On Sun, 7 May 2000, Dmitry Melekhov wrote:
> Hello!
>
> I use squid 2.3stable 2 on FreeBSD 3.4.
>
> After start all is OK, but squid memory grows until
> squid size is about 80 megabytes, so there is about
> 80 megs in swap (computer has 80 megs of ram).
> System is on very heavy load- it do only swap :)
> Only way is to restart squid again and again.
> Is there any way to force squid not use more than 40 megs?
8.9. What can I do to reduce Squid's memory usage?

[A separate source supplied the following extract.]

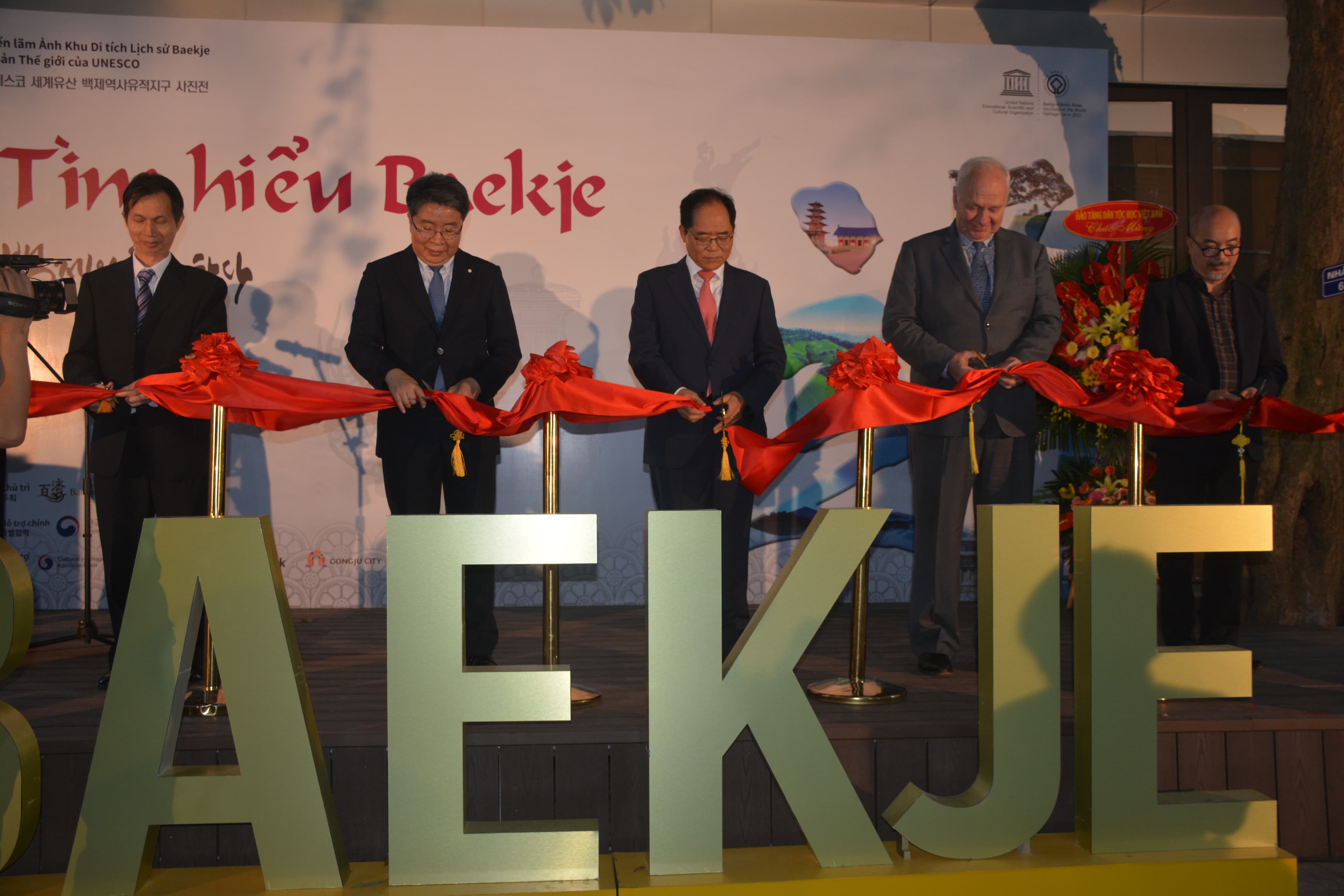 Triển lãm ảnh về khu di tích lịch sử Baekje - Hàn Quốc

If your cache performance is suffering because of memory limitations,
you might consider buying more memory. But if that is not an option,
There are a number of things to try:
o Try a ``different malloc library''.
o Reduce the cache_mem parameter in the config file. This controls
how many ``hot'' objects are kept in memory. Reducing this
parameter will not significantly affect performance, but you may
recieve some warnings in cache.log if your cache is busy.
o Turn the memory_pools off in the config file. This causes Squid to
give up unused memory by calling free() instead of holding on to
the chunk for potential, future use.
o Reduce the cache_swap parameter in your config file. This will
reduce the number of objects Squid keeps. Your overall hit ratio
may go down a little, but your cache will perform significantly
better.
o Reduce the maximum_object_size parameter (Squid-1.1 only). You
won't be able to cache the larger objects, and your byte volume hit
ratio may go down, but Squid will perform better overall.